# Cross drilling intersecting holes



## EmilioG (Nov 8, 2014)

I have a project that requires cross drilled holes or close crossed holes.
I have these 1/2" square 1018 and 3/4" square 1018 steel parts that are
2" and 3" long respectively. I need to drill holes about 1 1/2" and 2" apart
on each side. The holes are 8 mm and 10mm, 8 on the 1/2" part, 10 on the 3/4"
square part.

I've calculated the holes but they will slightly intersect.  How can I drill these holes
without the bits grabbing when it encounters the other hole. This is almost like a manifold
or 1 2 3 block.  Thanks


----------



## Brain Coral (Nov 8, 2014)

After drilling one set of holes, push a piece of ground rod (8mm or 10mm) into the drilled holes before drilling the next set.

Brian


----------



## Bill C. (Nov 8, 2014)

I have drilled holes that did intersect.  I found it easier when drilling the second hole, when the bit breaks through the wall of the first hole to gently feed it slowly to the other side so it doesn't wander off center.  How do you plan on removing any internal burrs?

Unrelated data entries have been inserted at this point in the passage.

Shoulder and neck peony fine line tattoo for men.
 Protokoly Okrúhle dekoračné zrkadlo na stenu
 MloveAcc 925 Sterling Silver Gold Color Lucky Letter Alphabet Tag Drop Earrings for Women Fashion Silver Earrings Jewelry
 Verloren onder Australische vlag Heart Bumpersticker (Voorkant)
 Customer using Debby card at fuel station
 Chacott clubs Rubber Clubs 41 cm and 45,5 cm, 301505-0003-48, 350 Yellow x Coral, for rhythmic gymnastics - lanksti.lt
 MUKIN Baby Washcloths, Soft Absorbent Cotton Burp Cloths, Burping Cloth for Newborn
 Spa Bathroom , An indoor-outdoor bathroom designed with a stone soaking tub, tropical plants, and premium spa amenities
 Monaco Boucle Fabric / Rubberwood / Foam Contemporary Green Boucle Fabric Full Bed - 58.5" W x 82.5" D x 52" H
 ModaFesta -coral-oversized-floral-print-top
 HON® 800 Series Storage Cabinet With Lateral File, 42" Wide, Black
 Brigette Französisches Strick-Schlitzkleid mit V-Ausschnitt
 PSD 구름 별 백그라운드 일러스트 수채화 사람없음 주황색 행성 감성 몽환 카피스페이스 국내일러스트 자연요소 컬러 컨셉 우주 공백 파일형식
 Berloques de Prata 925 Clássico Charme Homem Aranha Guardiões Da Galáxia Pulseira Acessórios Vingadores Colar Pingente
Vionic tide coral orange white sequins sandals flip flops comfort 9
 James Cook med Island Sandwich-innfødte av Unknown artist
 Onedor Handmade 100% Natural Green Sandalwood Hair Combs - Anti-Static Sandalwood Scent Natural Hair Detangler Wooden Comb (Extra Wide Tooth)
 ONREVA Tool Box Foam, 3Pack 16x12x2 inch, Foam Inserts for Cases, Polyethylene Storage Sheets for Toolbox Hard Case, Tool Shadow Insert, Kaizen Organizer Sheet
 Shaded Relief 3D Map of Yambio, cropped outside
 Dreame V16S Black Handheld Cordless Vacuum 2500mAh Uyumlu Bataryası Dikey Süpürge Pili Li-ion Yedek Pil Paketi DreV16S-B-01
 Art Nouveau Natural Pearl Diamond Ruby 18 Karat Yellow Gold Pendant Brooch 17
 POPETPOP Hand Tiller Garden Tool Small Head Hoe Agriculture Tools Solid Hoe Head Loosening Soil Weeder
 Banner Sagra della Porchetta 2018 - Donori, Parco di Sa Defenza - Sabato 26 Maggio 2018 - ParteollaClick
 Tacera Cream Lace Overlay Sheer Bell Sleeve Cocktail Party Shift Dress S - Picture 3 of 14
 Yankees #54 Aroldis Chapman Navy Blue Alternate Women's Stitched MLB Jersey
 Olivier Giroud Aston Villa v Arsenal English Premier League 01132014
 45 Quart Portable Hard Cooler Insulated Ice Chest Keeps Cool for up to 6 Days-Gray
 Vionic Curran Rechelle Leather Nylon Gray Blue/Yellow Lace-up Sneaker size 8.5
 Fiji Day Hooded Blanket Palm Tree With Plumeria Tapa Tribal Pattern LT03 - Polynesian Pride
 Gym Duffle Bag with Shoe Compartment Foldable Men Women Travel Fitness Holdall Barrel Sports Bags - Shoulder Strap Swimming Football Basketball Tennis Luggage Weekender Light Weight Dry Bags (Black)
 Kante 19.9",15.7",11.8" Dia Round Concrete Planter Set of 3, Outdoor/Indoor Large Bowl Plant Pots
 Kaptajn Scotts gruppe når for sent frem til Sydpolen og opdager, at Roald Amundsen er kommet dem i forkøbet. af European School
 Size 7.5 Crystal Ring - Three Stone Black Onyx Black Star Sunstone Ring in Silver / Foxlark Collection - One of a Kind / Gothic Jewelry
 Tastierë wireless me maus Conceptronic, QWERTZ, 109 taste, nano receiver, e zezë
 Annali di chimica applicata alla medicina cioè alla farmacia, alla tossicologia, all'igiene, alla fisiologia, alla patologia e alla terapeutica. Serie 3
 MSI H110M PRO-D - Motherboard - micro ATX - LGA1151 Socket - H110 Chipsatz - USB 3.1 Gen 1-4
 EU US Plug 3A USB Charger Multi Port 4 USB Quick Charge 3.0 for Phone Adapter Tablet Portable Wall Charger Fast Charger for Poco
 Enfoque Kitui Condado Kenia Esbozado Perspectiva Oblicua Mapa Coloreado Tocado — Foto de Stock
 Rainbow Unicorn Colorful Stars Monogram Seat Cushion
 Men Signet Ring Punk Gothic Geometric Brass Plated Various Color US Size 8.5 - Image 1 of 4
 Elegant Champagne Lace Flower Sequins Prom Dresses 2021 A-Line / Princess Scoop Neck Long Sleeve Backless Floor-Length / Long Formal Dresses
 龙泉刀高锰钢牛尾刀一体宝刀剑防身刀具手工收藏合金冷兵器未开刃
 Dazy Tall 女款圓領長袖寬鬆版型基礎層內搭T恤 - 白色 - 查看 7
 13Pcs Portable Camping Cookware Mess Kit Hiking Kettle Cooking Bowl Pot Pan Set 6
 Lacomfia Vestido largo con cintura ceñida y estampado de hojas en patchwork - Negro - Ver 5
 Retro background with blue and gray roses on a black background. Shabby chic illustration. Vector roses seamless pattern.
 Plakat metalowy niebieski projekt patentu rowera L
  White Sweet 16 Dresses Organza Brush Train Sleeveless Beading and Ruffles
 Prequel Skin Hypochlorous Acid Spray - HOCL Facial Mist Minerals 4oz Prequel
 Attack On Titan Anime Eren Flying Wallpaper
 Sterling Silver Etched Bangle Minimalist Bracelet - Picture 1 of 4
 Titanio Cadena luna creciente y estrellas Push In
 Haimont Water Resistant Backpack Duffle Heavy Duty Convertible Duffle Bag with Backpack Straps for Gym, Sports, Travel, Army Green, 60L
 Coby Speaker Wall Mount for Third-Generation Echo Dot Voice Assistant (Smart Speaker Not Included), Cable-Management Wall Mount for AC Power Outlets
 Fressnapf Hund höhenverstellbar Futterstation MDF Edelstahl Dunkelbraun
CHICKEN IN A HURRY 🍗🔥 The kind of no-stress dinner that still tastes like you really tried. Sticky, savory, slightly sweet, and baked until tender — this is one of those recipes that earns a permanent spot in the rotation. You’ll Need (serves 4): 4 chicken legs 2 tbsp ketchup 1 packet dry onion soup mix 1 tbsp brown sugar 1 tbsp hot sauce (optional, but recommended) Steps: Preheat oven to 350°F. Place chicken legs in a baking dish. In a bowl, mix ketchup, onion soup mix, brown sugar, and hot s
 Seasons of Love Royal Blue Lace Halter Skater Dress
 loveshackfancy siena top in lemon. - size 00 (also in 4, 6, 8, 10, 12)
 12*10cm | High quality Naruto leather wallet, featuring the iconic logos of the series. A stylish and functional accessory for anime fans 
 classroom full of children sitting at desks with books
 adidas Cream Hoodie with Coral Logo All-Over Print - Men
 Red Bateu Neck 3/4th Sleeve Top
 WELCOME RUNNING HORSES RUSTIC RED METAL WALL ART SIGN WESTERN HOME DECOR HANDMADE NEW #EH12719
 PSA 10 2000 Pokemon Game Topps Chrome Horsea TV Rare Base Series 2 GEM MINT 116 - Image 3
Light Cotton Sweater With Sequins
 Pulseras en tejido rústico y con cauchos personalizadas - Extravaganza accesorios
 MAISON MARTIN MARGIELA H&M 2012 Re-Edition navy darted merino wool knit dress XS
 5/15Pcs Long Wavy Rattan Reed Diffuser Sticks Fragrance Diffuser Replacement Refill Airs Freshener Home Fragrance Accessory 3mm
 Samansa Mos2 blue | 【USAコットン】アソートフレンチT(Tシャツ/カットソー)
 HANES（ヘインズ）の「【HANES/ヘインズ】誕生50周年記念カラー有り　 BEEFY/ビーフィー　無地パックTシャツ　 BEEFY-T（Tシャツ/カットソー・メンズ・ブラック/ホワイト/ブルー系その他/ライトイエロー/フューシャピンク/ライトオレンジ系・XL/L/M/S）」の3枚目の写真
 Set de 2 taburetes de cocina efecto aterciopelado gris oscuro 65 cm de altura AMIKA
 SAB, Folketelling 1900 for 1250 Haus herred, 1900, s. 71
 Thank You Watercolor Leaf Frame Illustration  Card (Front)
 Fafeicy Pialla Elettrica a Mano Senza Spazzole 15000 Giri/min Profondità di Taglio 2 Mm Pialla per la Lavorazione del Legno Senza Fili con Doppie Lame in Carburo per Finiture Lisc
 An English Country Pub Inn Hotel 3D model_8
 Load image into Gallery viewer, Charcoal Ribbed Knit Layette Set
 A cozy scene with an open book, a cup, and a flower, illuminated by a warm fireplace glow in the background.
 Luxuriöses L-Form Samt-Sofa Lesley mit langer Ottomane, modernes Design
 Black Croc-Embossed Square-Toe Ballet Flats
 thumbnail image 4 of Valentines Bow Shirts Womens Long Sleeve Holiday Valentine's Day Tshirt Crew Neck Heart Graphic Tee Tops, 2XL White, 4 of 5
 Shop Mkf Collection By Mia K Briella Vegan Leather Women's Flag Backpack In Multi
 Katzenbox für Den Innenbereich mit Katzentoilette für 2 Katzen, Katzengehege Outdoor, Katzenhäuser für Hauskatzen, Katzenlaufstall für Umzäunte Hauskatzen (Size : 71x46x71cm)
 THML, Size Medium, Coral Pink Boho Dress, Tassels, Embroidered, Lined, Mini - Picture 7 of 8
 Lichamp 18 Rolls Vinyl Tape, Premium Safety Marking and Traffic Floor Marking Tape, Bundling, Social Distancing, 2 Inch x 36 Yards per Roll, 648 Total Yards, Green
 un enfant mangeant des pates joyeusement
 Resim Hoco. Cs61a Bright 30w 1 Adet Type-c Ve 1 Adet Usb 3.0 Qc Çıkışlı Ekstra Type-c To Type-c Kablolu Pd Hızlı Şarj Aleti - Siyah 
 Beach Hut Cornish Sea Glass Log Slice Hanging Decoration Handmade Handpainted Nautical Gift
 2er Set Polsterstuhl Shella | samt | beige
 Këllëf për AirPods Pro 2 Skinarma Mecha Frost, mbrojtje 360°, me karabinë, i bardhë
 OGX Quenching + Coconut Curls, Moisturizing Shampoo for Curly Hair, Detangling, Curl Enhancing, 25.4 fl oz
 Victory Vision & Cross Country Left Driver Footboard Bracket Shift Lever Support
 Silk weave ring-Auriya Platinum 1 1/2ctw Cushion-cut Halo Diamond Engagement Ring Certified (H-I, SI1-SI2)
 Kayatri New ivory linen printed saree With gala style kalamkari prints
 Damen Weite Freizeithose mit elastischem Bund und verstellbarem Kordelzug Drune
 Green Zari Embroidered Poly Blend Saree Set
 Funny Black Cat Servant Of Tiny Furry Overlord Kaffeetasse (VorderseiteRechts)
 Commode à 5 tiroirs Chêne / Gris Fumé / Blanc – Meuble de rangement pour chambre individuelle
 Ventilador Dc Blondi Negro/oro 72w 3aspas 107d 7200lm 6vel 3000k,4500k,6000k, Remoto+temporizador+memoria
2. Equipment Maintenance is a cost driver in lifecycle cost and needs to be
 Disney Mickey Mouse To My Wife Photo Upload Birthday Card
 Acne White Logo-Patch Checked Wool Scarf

The first shop I worked in as a machine operator they made their own manifolds for some of the special machines they built.  Sure looks better than a set of "T"s screwed together.


----------



## EmilioG (Nov 9, 2014)

Thank you for your replies.
I did think about putting pins or rods in the holes, my concern was that they may get "jammed" in the holes.
For deburring, I've made a small pin with a slot that holds emory cloth, I then use an electric drill to deburr.
I did look at those expensive hones for holes. Don't know if they make them that small, (3/8" or 10 mm)?
Thanks


----------



## kd4gij (Nov 9, 2014)

One trick is to grind a small flat on the outer edge of the bit  it won't grab that way and ease up just before it breaks through. I do this alot in 4140.


----------



## EmilioG (Nov 13, 2014)

kd4gij said:


> One trick is to grind a small flat on the outer edge of the bit  it won't grab that way and ease up just before it breaks through. I do this alot in 4140.



Good idea. Just like with brass.  I did manage to do the drilling with good spacing so only one hole slightly nipped open
the corresponding cross hole by about an 1/8". No problems, but I would like to try intersecting the holes a bit more, not so
they are all exposed like a 1 2 3 block.  I'll try a reamer as well. What size drill do I use if I want to ream a 25/64" hole?

Thank you.


----------



## EmilioG (Nov 17, 2014)

I;ve managed to drill my cross holes with no trouble.
I didn't even have to use any rods to fill the corresponding hole temporarily!
I punch marked the holes, used a spot to start the hole then used the final size
letter O stub length drill bit and it went right through with no grabbing or deflecting.
The burrs were minimal. I was able to use threaded rod to ream them by hand to clean
them out.  This was on 1/2" thick square 1018 steel. Slow steady feed and and about 1000 rpm.

Next, I'll drill my 3/4" square parts. (cross holes on a few as well).

Btw, I used a Bridgeport mill with a 16n Jacobs/R8.






Thanks


----------